**What you need to do**.
Would you reproduce exactly the lines below from the one holding "Kerria Golden Guinea" through the one holding "12-Piece Silicone Kitchen", inclusive, and no others?

**Records provided**.
Content starts

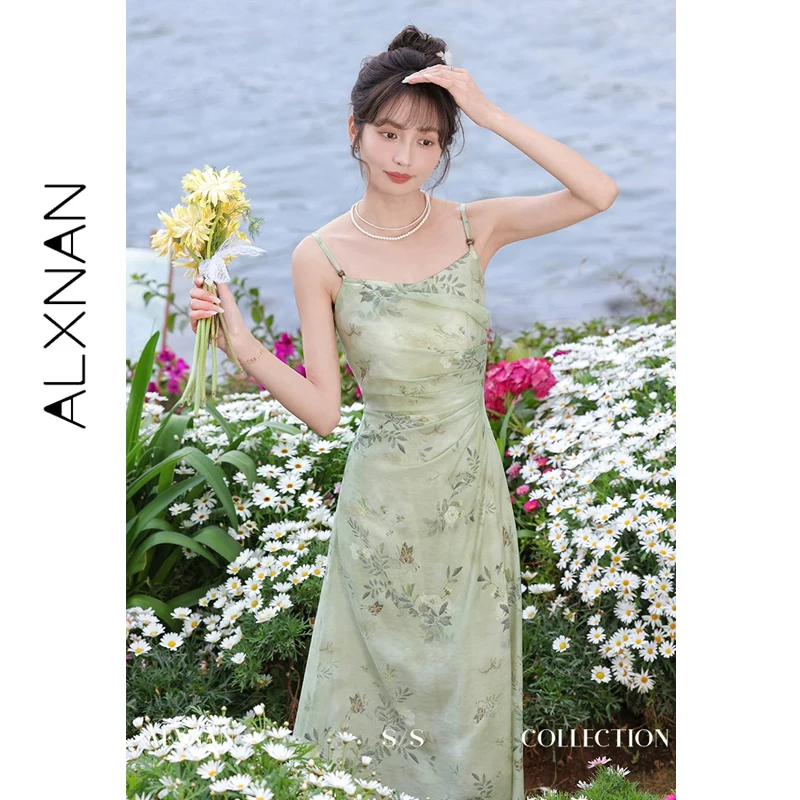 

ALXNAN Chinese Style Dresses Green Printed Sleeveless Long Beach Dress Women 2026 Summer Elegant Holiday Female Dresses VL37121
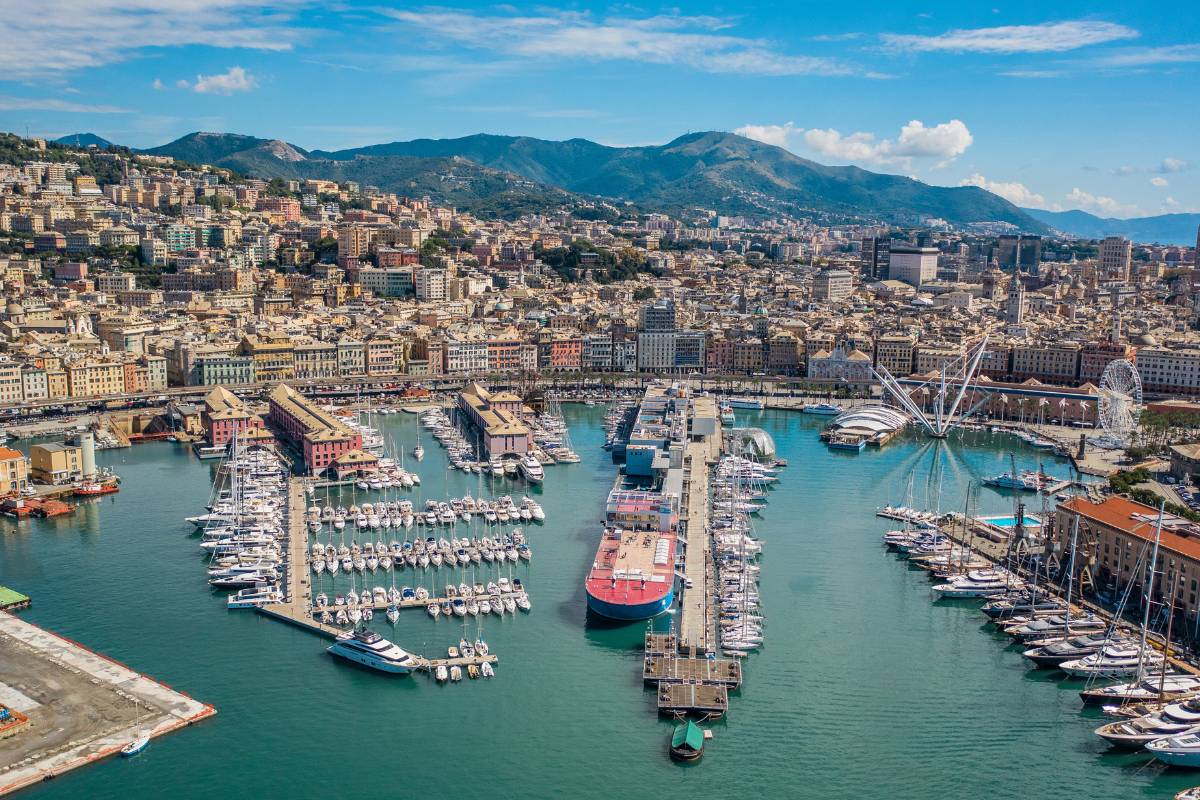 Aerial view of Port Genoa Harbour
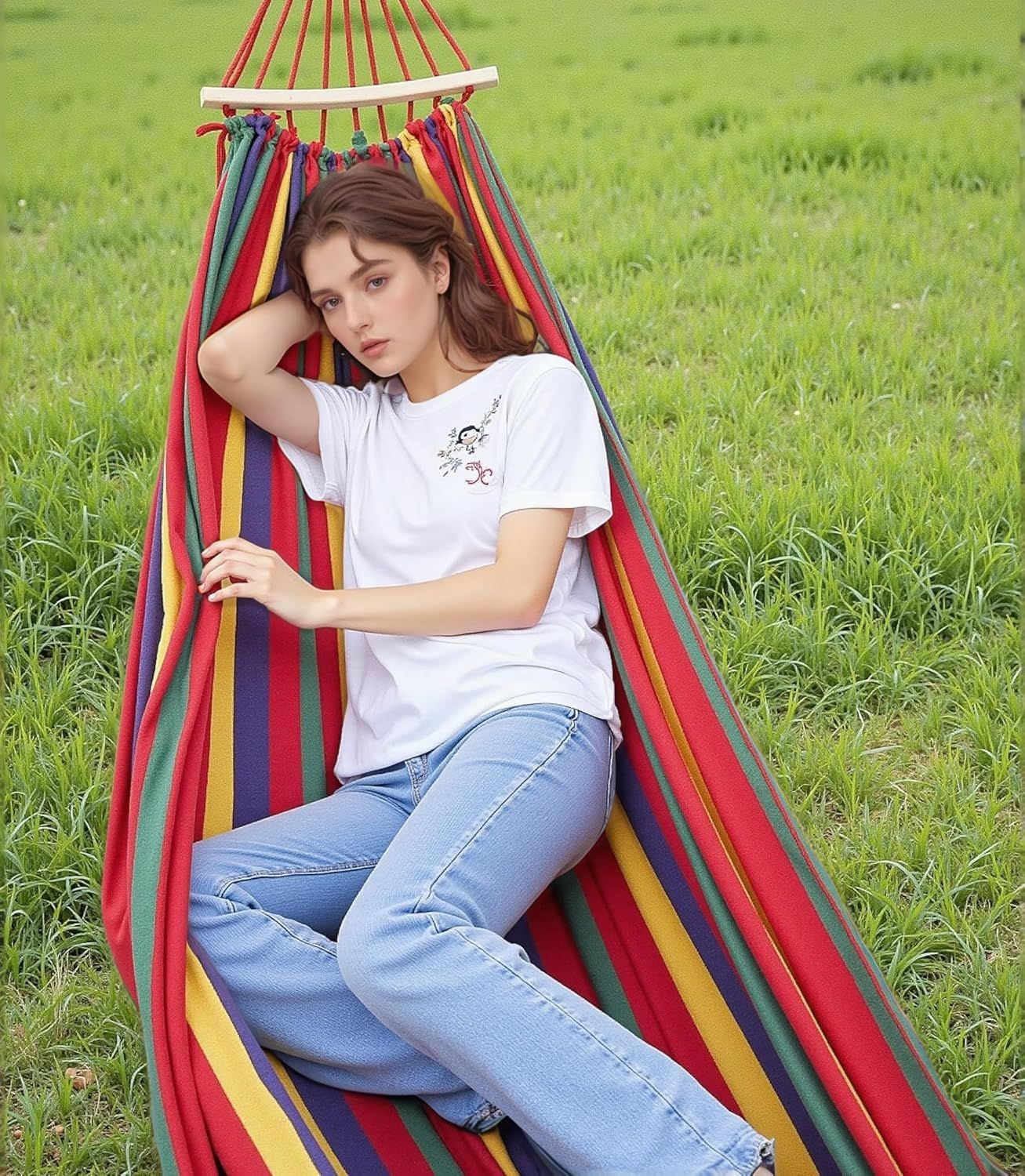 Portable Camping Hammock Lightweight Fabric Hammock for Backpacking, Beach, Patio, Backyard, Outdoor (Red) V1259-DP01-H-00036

Content ends
Content starts

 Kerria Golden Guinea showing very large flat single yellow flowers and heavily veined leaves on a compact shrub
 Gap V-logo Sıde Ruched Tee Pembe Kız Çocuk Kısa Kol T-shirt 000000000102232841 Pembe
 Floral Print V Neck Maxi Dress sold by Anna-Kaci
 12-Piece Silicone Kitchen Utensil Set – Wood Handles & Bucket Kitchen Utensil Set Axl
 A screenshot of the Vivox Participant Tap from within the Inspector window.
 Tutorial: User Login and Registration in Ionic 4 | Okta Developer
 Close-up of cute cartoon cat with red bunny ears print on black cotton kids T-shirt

Content ends

**Written response**.
 Kerria Golden Guinea showing very large flat single yellow flowers and heavily veined leaves on a compact shrub
 Gap V-logo Sıde Ruched Tee Pembe Kız Çocuk Kısa Kol T-shirt 000000000102232841 Pembe
 Floral Print V Neck Maxi Dress sold by Anna-Kaci
 12-Piece Silicone Kitchen Utensil Set – Wood Handles & Bucket Kitchen Utensil Set Axl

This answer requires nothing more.